On 1 August 2011 dutasteride-with-tamsulosin fixed-dose combination (Duodart; 0.5 mg dutasteride/0.4 mg tamsulosin hydrochloride) was listed on the Pharmaceutical Benefits Scheme for men with lower urinary tract symptoms due to benign prostatic hyperplasia (BPH).1
The streamlined authority listing requires treatment to be initiated by a urologist but can be continued by a general practitioner or nurse practitioner.
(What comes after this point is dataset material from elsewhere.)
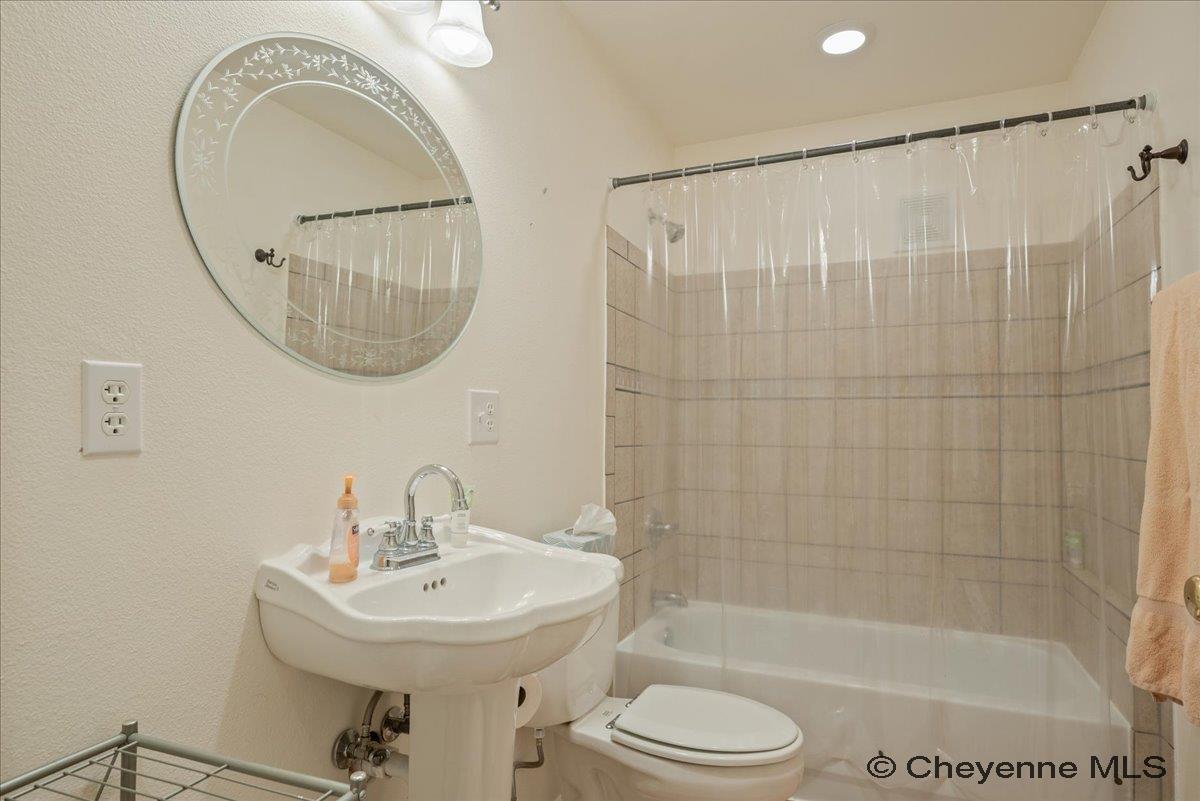 Cheyenne, Wyoming, 82007, United States, 5 Bedrooms Bedrooms, ,3 BathroomsBathrooms,Residential,For Sale,1993548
The Pharmaceutical Benefits Advisory Committee recommended subsidy of the dutasteride with tamsulosin combination product on a cost-minimisation basis — that is, similar efficacy and cost — compared with a combination of dutasteride and prazosin.1 Tamsulosin is as effective as prazosin — the only PBS-listed alpha blocker — but may be better tolerated.2,3
Dutasteride co-administered with tamsulosin improves urinary flow, and reduces the incidence of acute urinary retention and prostate surgery compared with dutasteride monotherapy or tamsulosin monotherapy at 4 years.4,5
Guidelines recommend combination therapy with a 5-alpha-reductase inhibitor (dutasteride or finasteride) and an alpha blocker (tamsulosin, alfuzosin, prazosin or terazosin) for men with moderate or severe urinary symptoms, a prostate volume > 30 mL and PSA > 1.4 ng/mL, who are considered at increased risk of disease progression.6,7,8
The recent NPS RADAR review of dutasteride (Avodart) has been updated to include information on the fixed dose combination of dutasteride with tamsulosin.